Contesting a trust is quite common. And because most trust contests are settled out of court, it’s entirely possible that you won’t ever even have to physically go to court to get your rightful inheritance. In fact, through our use of various technologies, you likely won’t ever need to meet in person, provide hard copies of documents, or otherwise leave the comfort of your home. Initial case evaluation can be done over Zoom, Skype, Facetime or GoToMeeting. Documents can be gathered via email, Dropbox, etc. And follow up can be done telephonically, or via email, text or Zoom, Skype or Facetime. Contesting a trust has never been easier. Let’s take a look.

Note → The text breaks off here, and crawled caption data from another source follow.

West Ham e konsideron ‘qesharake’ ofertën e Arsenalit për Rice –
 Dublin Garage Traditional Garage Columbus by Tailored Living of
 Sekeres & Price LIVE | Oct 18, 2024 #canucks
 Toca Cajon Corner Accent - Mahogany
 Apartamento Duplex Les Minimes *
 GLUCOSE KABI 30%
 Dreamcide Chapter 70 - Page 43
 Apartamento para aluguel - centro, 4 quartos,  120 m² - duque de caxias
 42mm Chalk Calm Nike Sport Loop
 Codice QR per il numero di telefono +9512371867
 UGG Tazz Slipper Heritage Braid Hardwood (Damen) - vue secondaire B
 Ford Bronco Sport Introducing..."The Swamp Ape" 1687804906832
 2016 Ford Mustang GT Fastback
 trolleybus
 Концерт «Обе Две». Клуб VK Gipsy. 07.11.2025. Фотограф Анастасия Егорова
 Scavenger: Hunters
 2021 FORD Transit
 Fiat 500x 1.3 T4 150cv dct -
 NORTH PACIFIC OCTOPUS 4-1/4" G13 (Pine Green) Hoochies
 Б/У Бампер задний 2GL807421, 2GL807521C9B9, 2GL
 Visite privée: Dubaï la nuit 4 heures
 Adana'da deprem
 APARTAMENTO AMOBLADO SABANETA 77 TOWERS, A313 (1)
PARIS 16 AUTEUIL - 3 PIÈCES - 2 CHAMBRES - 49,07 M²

In pursuing a trust contest, the vast majority of the most common steps involved in contesting a trust can be accomplished without your in-person appearance in court or at your attorney’s office:

  • Contact a trust litigation attorney
    Technology used: Email, telephone, Zoom, Skype, Facetime, GotoMeeting, etc.
  • Discuss your situation
    Technology used: Email, telephone, Zoom, Skype, Facetime, GoToMeeting, etc.
  • Determine grounds for contesting a trust (e.g., undue influence, lack of capacity, etc.)
    Technology used: Email, telephone, Zoom, Skype, Facetime, GoToMeeting, etc.
  • Gather documents
    Email, Dropbox, etc.
  • Prepare and send the demand letter to opposing parties; negotiate resolution, if possible
    Technology used: Your lawyer
  • Prepare and file the contest petition
    Technology used: Your lawyer; electronic filing; service
  • Attend court hearings
    Technology used: Your lawyer; Court call
  • Client updates:
    Technology used: Email, telephone, Zoom, Skype, Facetime, GoToMeeting, etc.
  • Negotiate resolution, if possible
    Technology used: Your lawyer; virtual mediation

Can I contest a trust online? Is there such a thing as an online trust contest?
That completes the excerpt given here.